Le ministre des Transports, Frédéric Cuvillier était ce jeudi matin en direct sur RMC. - -
Le ministre des Transports, Frédéric Cuvillier, a déclaré jeudi qu'il n'était « pas favorable » à l'alignement des taxes appliquées au gasoil et à l'essence, plaidant pour un « dispositif judicieux » permettant de préserver la compétitivité des entreprises : « La question du transport sur l'impact environnemental est majeur.
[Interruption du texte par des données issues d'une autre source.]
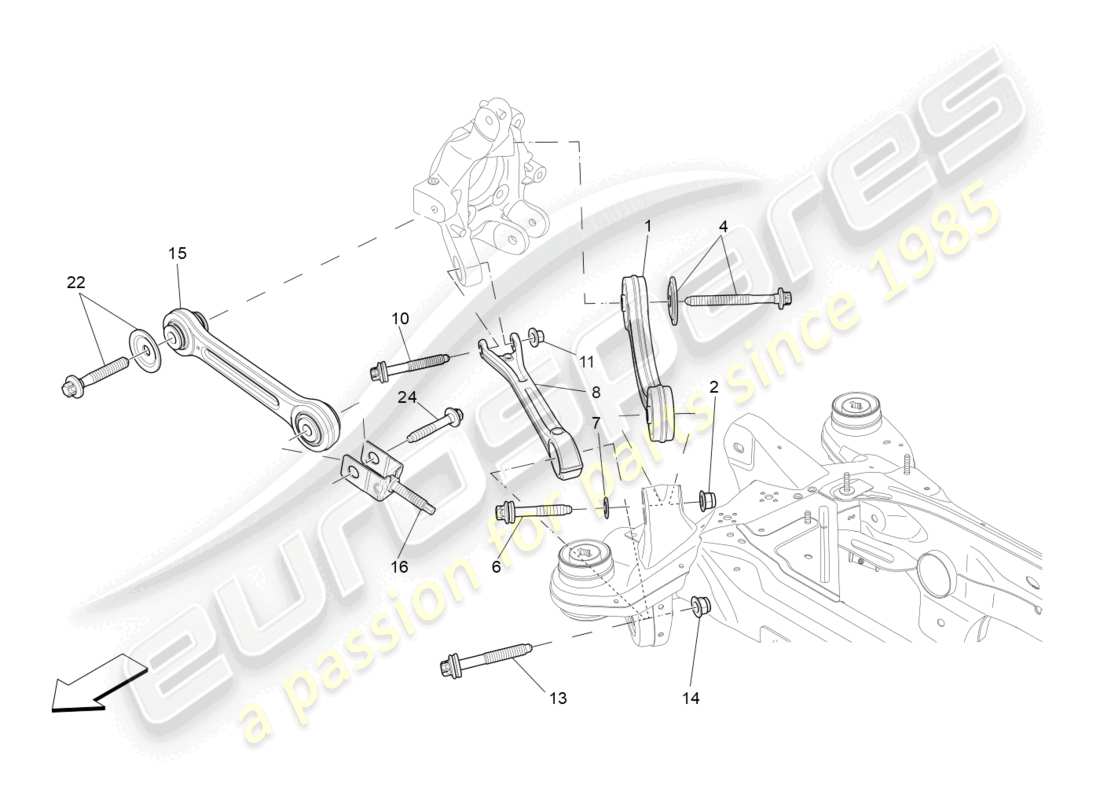 maserati levante zenga (2020) diagramma delle parti della sospensione posteriore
C'est pourquoi, avec » la ministre de l'Ecologie et de l'Energie, Delphine Batho, « nous aurons à regarder tout le dispositif », a indiqué M. Cuvillier sur RMC. Mais « je ne suis pas favorable à des alignements », a-t-il ajouté.
« Ne pas fragiliser des professions de transport »
Selon lui, une taxe unique aux deux types de carburants n'est pas souhaitable au vu des situations « différentes » : « le gasoil concerne essentiellement des professionnels, les professionnels de la route, qu'ils soient taxis, qu'ils soient routiers, et je n'oublie pas les pêcheurs, le transport maritime ». « Il y a là une question de compétitivité », a-t-il relevé, plaidant pour un « traitement au cas par cas. (...) En tout cas, (il ne faut pas) fragiliser des professions de transport qui sont aujourd'hui dans des situations très tendues ». Il faut un dispositif « judicieux », a-t-il souligné.
Péages autoroutiers : « L'erreur majeure a été de privatiser »
Par ailleurs, en ce qui concerne la hausse des péages autoroutiers prévue en février, le ministre a fait valoir qu'elle était « contractuelle » : « L'erreur majeure a été de privatiser » les sociétés d'autoroutes, a estimé Frédéric Cuvillier. « Nous aurions plus de 1,5 milliard de recettes, de dividendes, des autoroutes au bénéfice de l'Etat pour financer des infrastructures, si les autoroutes n'avaient pas été privatisées. Elles l'ont été, il ne s'agit pas de revenir en arrière », a-t-il poursuivi, soulignant que le coût d'une privatisation et l'équilibre économique des contrats « font que ça n'est pas possible ». Mais il a adressé un « message clair vis-à-vis des concessionnaires : les autoroutes, c'est du bien public. Il faut qu'il y ait un pacte de croissance, il faut que nous puissions être vertueux, que le coût de l'autoroute soit supportable ». Il a également assuré que la hausse de 1,18% à 2,29%, en février, serait la seule opérée en 2013.